Skala w bankowości ważna była zawsze, ale teraz jest szczególnie istotna. Powód? Utrzymujące się od paru lat historycznie niskie stopy procentowe, rosnące wymogi kapitałowe i regulacyjne, wysoki podatek od aktywów i spore wydatki na systemy informatyczne oraz nieustanny wyścig na najnowsze rozwiązania w bankowości elektronicznej. Dlatego nie dziwi, że polski rynek już od kilku lat się konsoliduje.
Same chęci nie wystarczą
Wzięliśmy pod lupę dziesięć największych działających obecnie giełdowych banków w Polsce oraz ich rozwój od końca 2011 r. do końca 2017 r. (miały więc sześć pełnych lat). Wśród nich są (licząc od obecnie największego pod względem aktywów): PKO BP, Pekao, BZ WBK, mBank, ING Bank Śląski, BGŻ BNP Paribas, Millennium, Alior, Getin Noble Bank i Handlowy.
Pod względem tempa rozwoju, mierzonego nominalnym wzrostem wartości aktywów, największymi zwycięzcami okazały się PKO BP i BZ WBK, które zwiększyły bilans odpowiednio o 106 mld zł i 93 mld zł. Sporym wzrostem wykazały się również ING Bank Śląski i Alior, które zwiększyły aktywa o 56 mld zł i 54 mld zł, a także BGŻ BNP Paribas, który urósł o 39 mldzl.
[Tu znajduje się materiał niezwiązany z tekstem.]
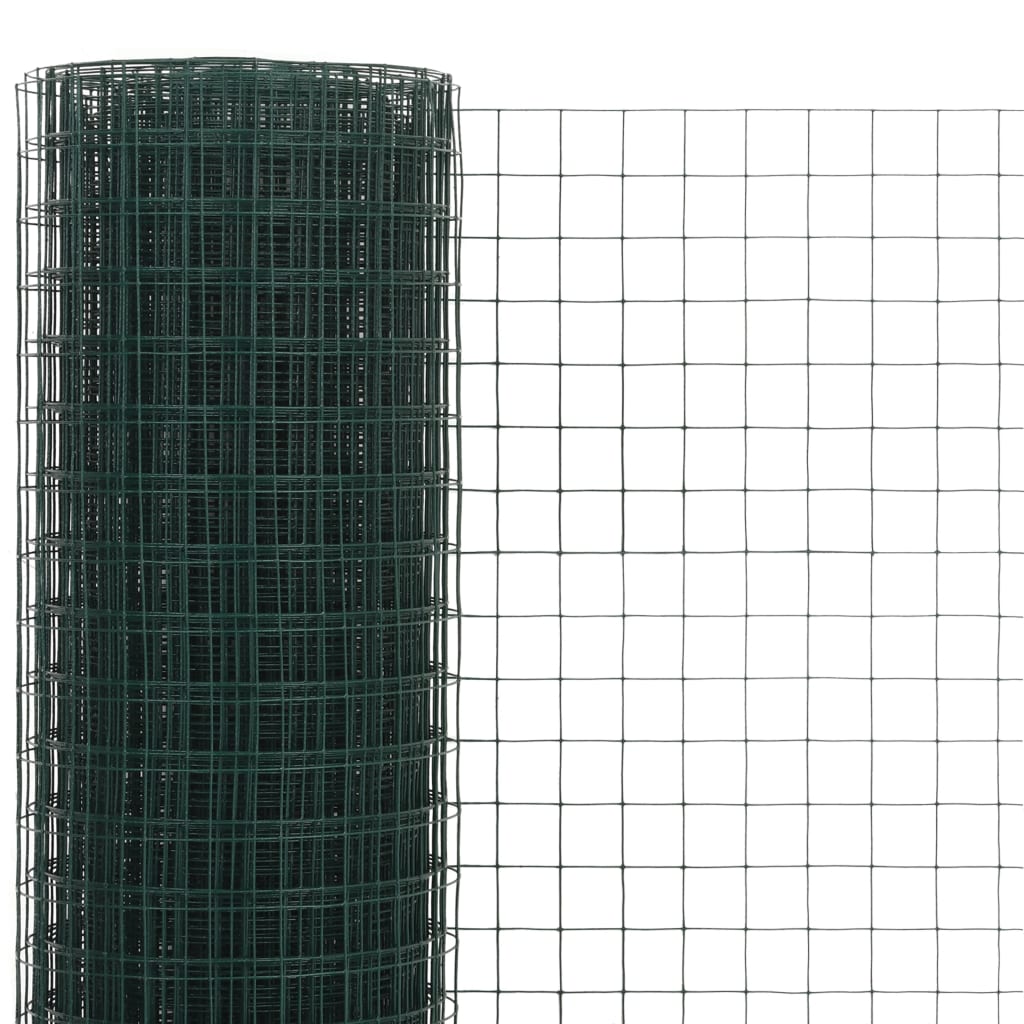 Zöld PVC-bevonatú acél csirkeháló drótkerítés 10 x 1,5 m 3
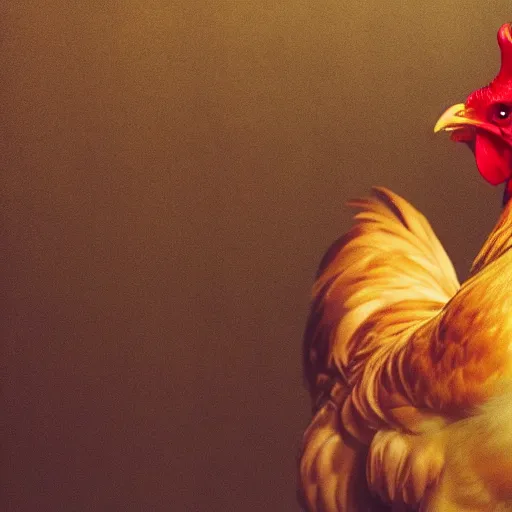 Image similar to a high quality photo of a chicken wearing a suit, Romanticism, 8k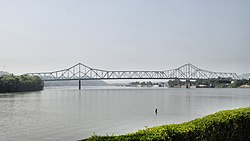 Silver Memorial Bridge crossing the Ohio River above Gallipolis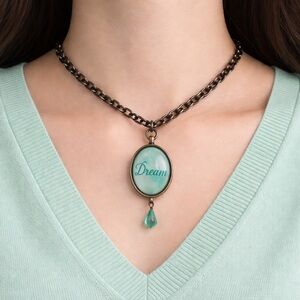 Vintage Lariat Y-Drop Necklace Regency Victorian Brass Pendant Charm Dangle 18”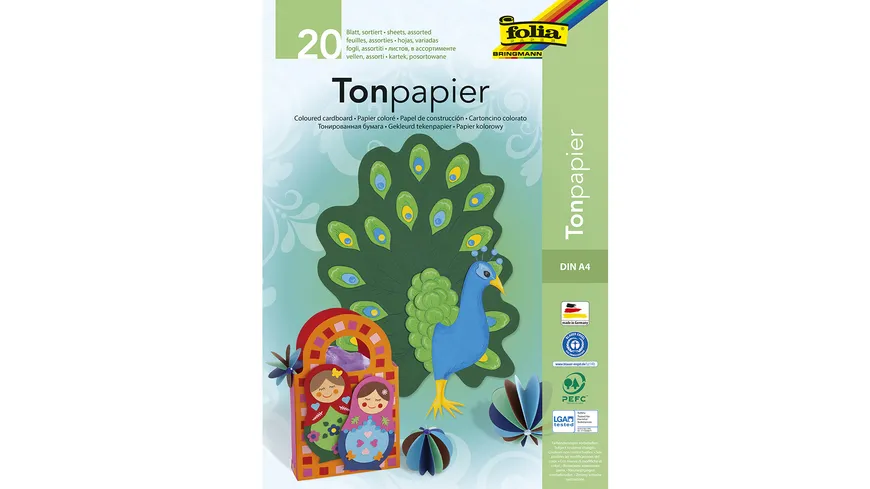 folia Tonzeichenpapierblock A4 20 Blatt farblich sortiert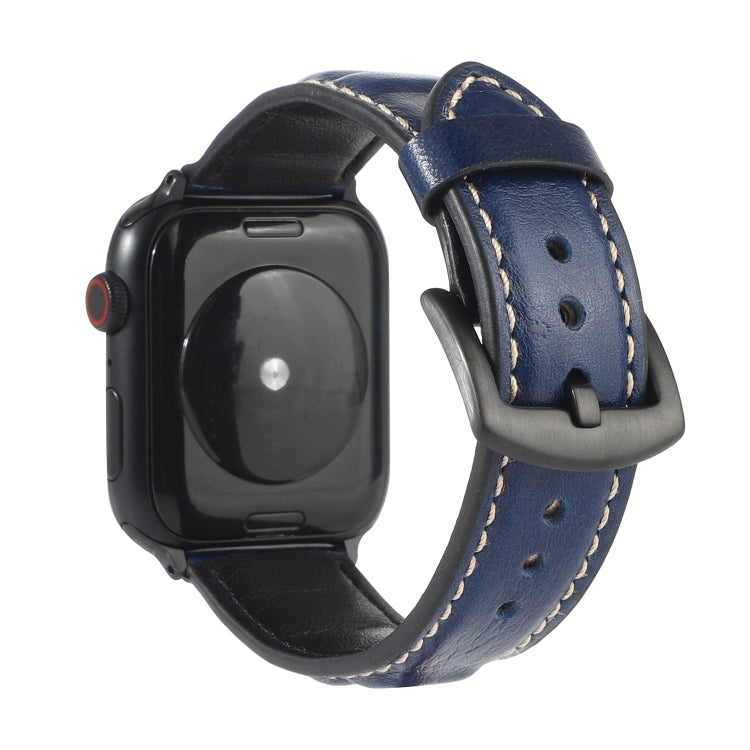 Frerndorf | Echtes Leder Armband für Apple Watch Series 7 41mm / 6 & SE & 5 & 4 40mm / 3 & 2 & 1 38mm (Blau)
W miejscu tkwi Handlowy, z niemal identyczną wartością aktywów jak na koniec 2011 r., oraz Getin Noble Bank, który od 2016 r. już nie rośnie, a wręcz kurczy się i jego bilans jest o tylko 8 mld zł większy niż sześć lat wcześniej. Łącznie aktywa całego sektora bankowego wzrosły w tym okresie o 487 mld zł, do 1,78 bln zł.
W ujęciu wzrostu procentowego absolutnym liderem okazał się Alior, który zwiększył bilans aż o 348 proc., do prawie 70 mld zł. Bardzo mocno urosły także BZ WBK (155 proc.), BGŻ BNP Paribas (118 proc.) ING Bank Śląski (81 proc.) oraz PKO BP (56 proc.). Słabo wypadły Getin i Handlowy a przeciętnie Millennium, mBank i Pekao, których średnioroczne tempo wzrostu aktywów w tym czasie wyniosło odpowiednio o 7 proc., 5 proc. i 4 proc. Cały sektor przez sześć lat urósł o 38 proc. a średniorocznie o 6 proc.